:: Input data ::
..........
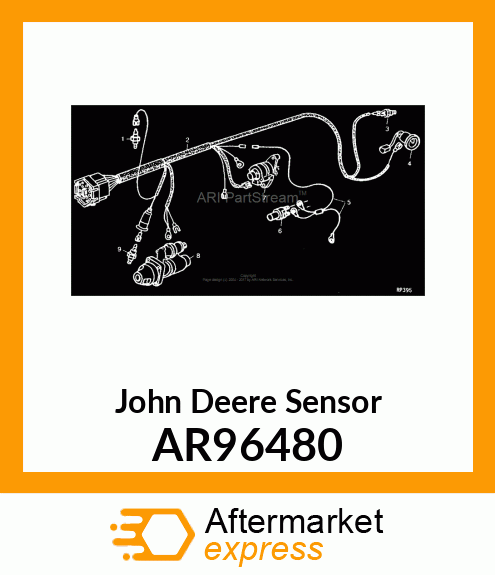 SENSOR AR96480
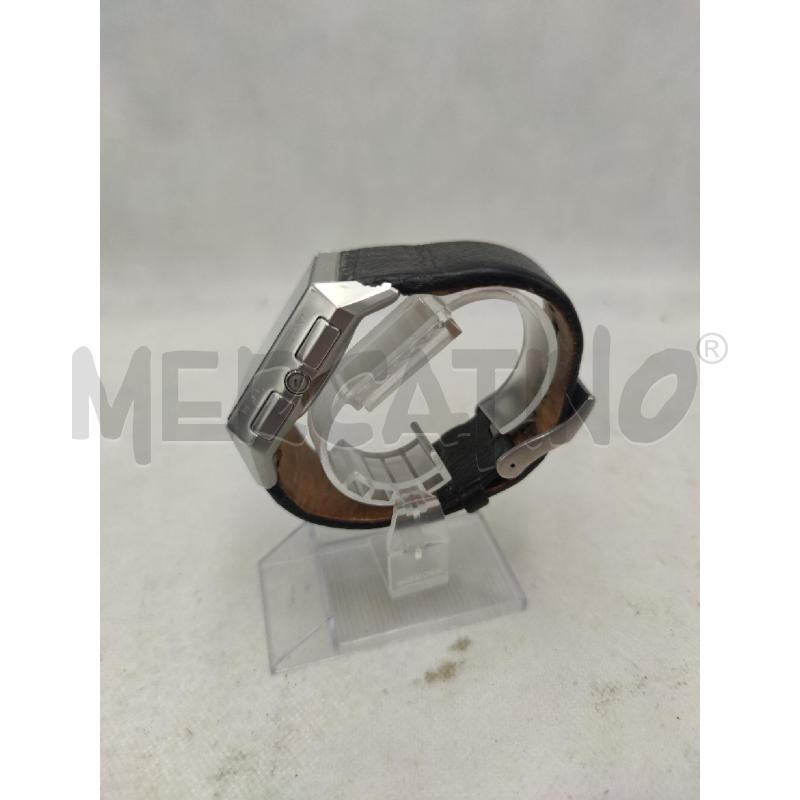 OROLOGIO DIESEL CASSA ACCIAIO CINTURINO NERO | Mercatino dell'Usato Settimo torinese 2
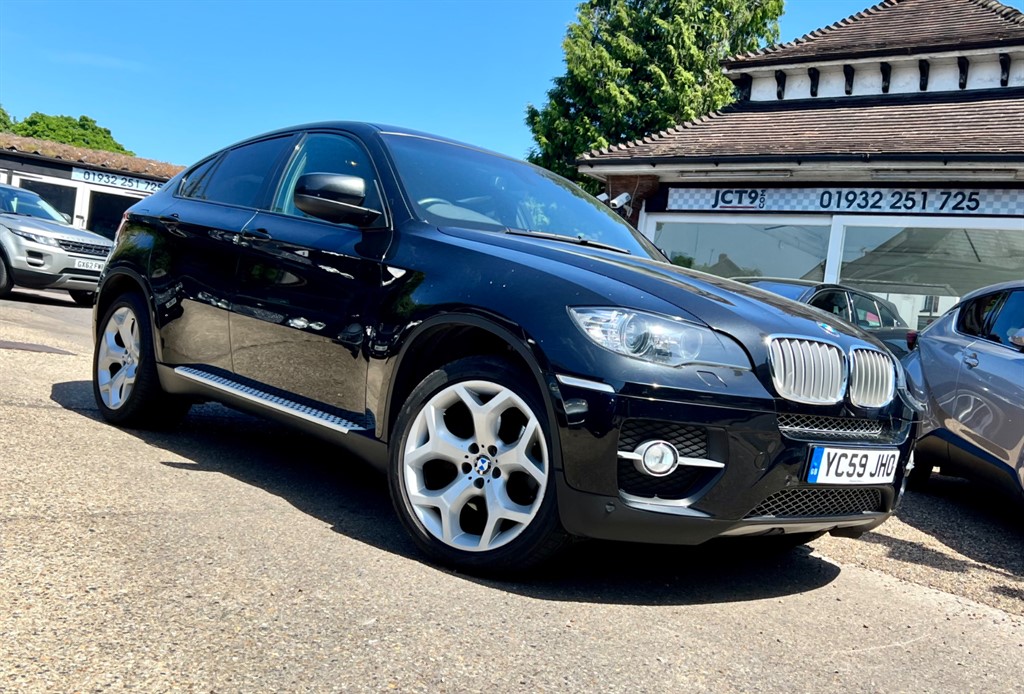 Used BMW X6 from JCT9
..........
Write out the data above exactly as it appears, but without any image.

:: Solved problem ::
 SENSOR AR96480
 OROLOGIO DIESEL CASSA ACCIAIO CINTURINO NERO | Mercatino dell'Usato Settimo torinese 2
 Used BMW X6 from JCT9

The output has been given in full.